If you’ve ever completed Form W-9, Request for Taxpayer Identification Number and Certification, you’ve heard of backup withholding. But you may be unsure what backup withholding is, and how it can impact you.
Here’s an overview.
Backup withholding is a tax term for mandatory tax withholding from some types of income, such as dividends, interest, investment proceeds and gambling winnings. It became law in 1984, as part of the Interest and Dividend Tax Compliance Act of 1983.
Under the law, companies or individuals who make certain payments to you are required to file annual information returns with the Internal Revenue Service. Along with the total amount of the payments made to you during the year, the information returns must contain your Taxpayer Identification Number (TIN), which payers request from you using Form W-9. (Your TIN is generally your social security number.)
If you fail to provide your TIN, or provide an incorrect one, the IRS can’t track the payments to make sure the income is reported correctly.
When that happens, the IRS sends the payer a letter asking for an explanation. If the discrepancy isn’t corrected within thirty days, the payer is required to withhold tax—called backup withholding—from your payments. In effect, you are forced to pay tax in advance on the income you receive.
The backup withholding rate is set by statute to equal the fourth lowest tax rate applied to single taxpayers. That rate is currently 28%, meaning payers will deduct 28% of any amount paid to you and remit it to the IRS on your behalf.

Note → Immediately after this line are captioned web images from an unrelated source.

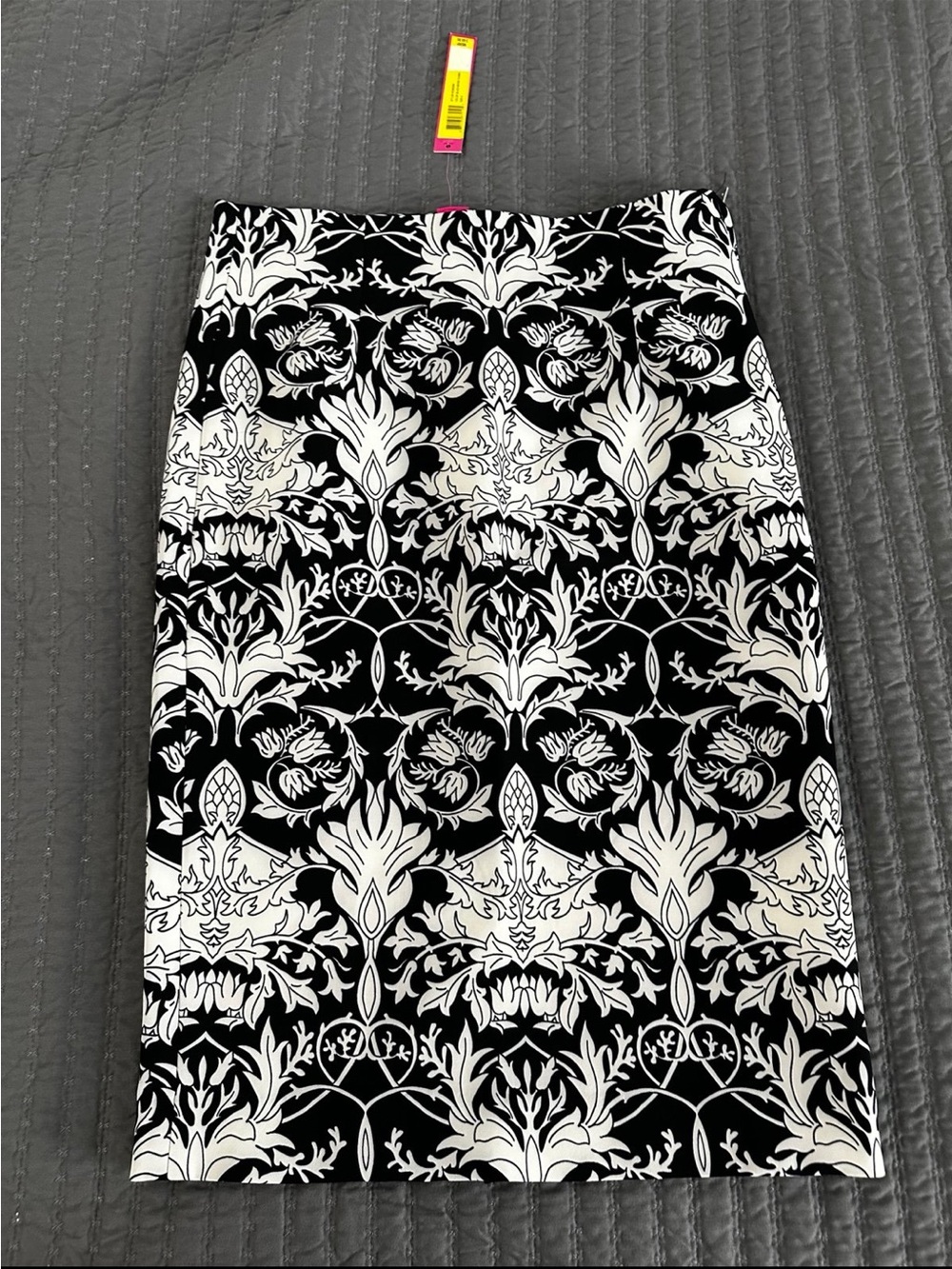 Catherine Malandrino Black and White Floral Damask Pencil Skirt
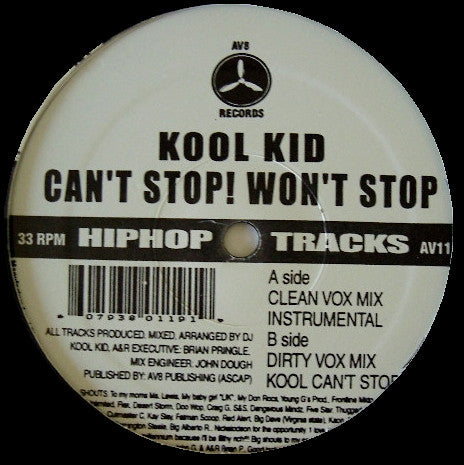 DJ Kool Kid : Can't Stop! Won't Stop (12")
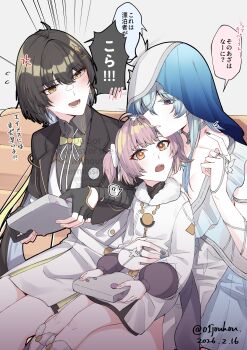 Rule 34 | 3girls, ?, adoptive parent and adoptive child, aemeath (wuthering waves), aemeath (young) (wuthering waves), anger vein, black gloves, black jacket, blue nails, blue veil, blush, breasts, colored eyelashes, commentary, controller, dated, dress, english commentary, female rover (perpetual spark) (wuthering waves), female rover (wuthering waves), fingerless gloves, game controller, gloves, highres, holding, holding controller, holding game controller, jacket, jouhou, long sleeves, looking at another, looking up, medium breasts, mother and daughter, multiple girls, nail polish, official alternate costume, open mouth, orange eyes, pink hair, purple eyes, rover (wuthering waves), shorekeeper (wuthering waves), short twintails, sitting, sitting on lap, sitting on person, spoken question mark, star-shaped pupils, star (symbol), symbol-shaped pupils, translation request, twintails, twitter username, two-tone veil, veil, white dress, white veil, wuthering waves, yellow eyes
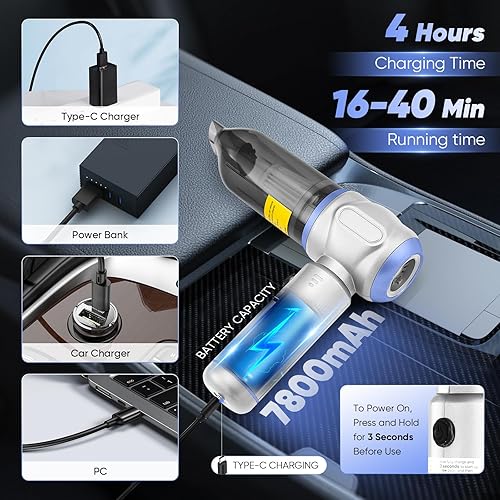 Miniatura 6 de Aspiradora portátil sin cable, 3 en 1 de mano, 17500 PA de alta potencia, aspiradora de mano y plumero de aire para succión, soplado, inflado y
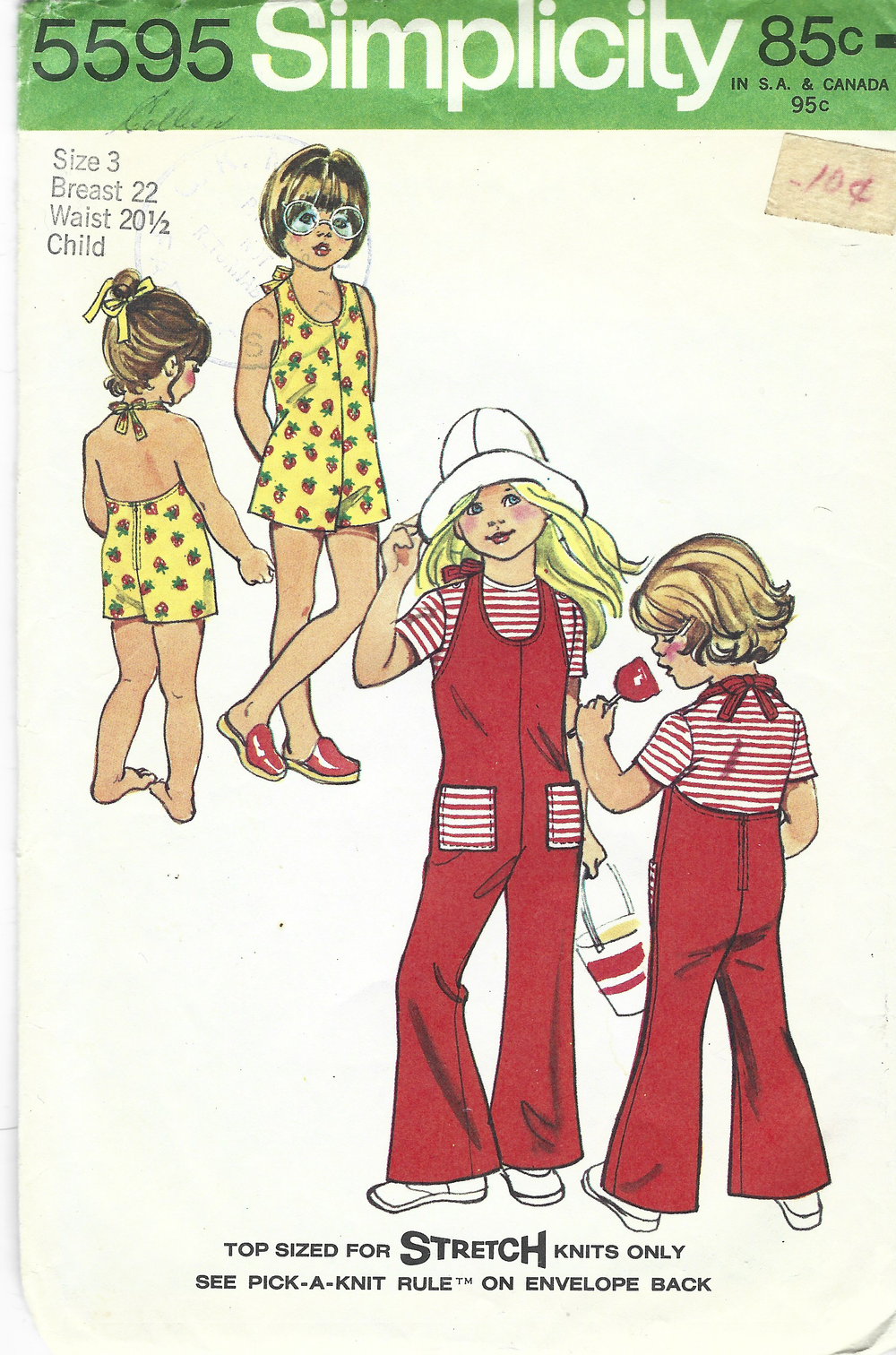 Simplicity 5595 Toddlers Girls Jumper Jumpsuit Vintage Sewing Pattern 1950s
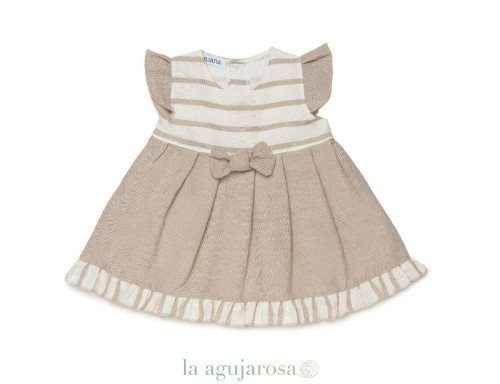 VESTIDO CORTADO CINTURA PECHERÍN RAYADO DE JULIANA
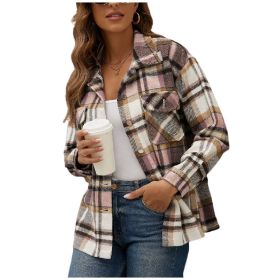 Women Flannel Plaid Jacket Button Down Shirts Shacket Jacket (Color: PInk)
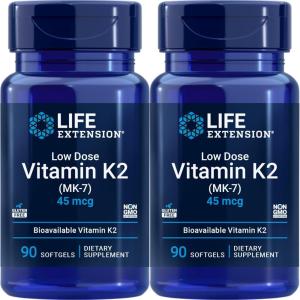 Life Extension Low Dose Vitamin K2, 90 Softgels (Pack of 2)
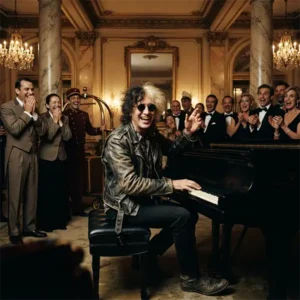 Charle Garcia trivia Artista inspirado en Charly García protagonizando una divertida escena en un hotel mientras toca el piano.
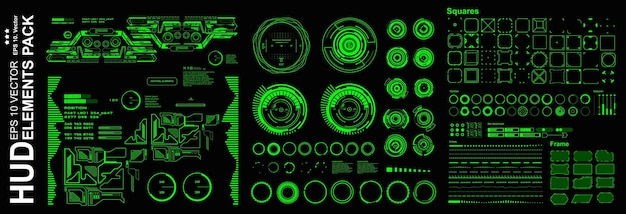 Elementos de HUD mega set pack Tablero de instrumentos pantalla verde pantalla de tecnología de realidad virtual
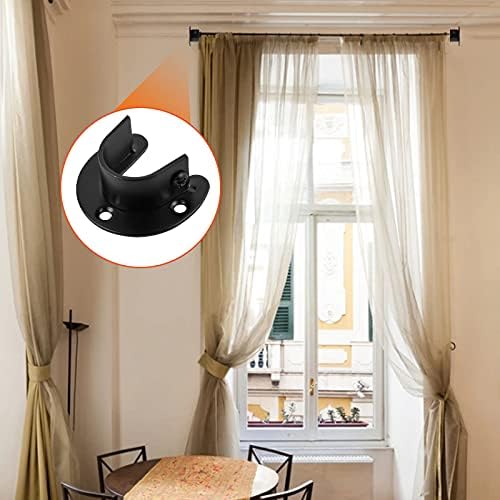 Naapesi 4Pcs Closet Pole Sockets U Shape Closet Rod Bracket Black, 25mm Wardrobe Rail End Supports Curtain Rail Holder Bracket Flange Set for Closet, Shower Curtain 12 Screws & 12 Rubber Plug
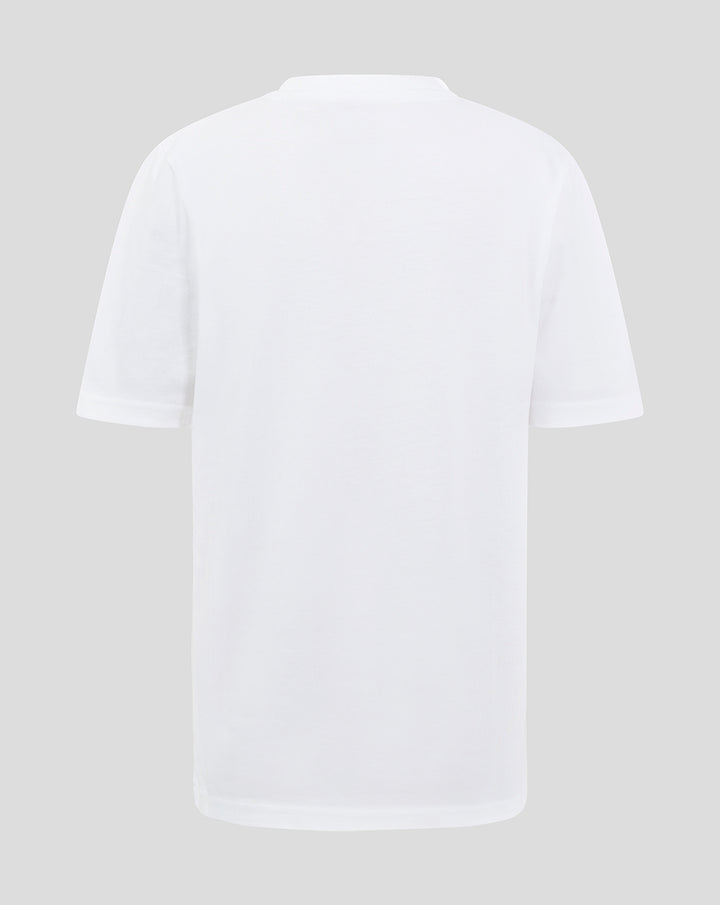 Back view of plain white FC Twente core logo T shirt for juniors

Note: The backup withholding is refundable, so you can claim it as a payment on your tax return, just like the amount withheld from your wages.
In many cases you can avoid having backup withholding taken out of your payments by providing your correct TIN to your payer. However, if you underreported income or did not file a tax return at all, you’ll need to get current with the IRS before the backup withholding can be stopped.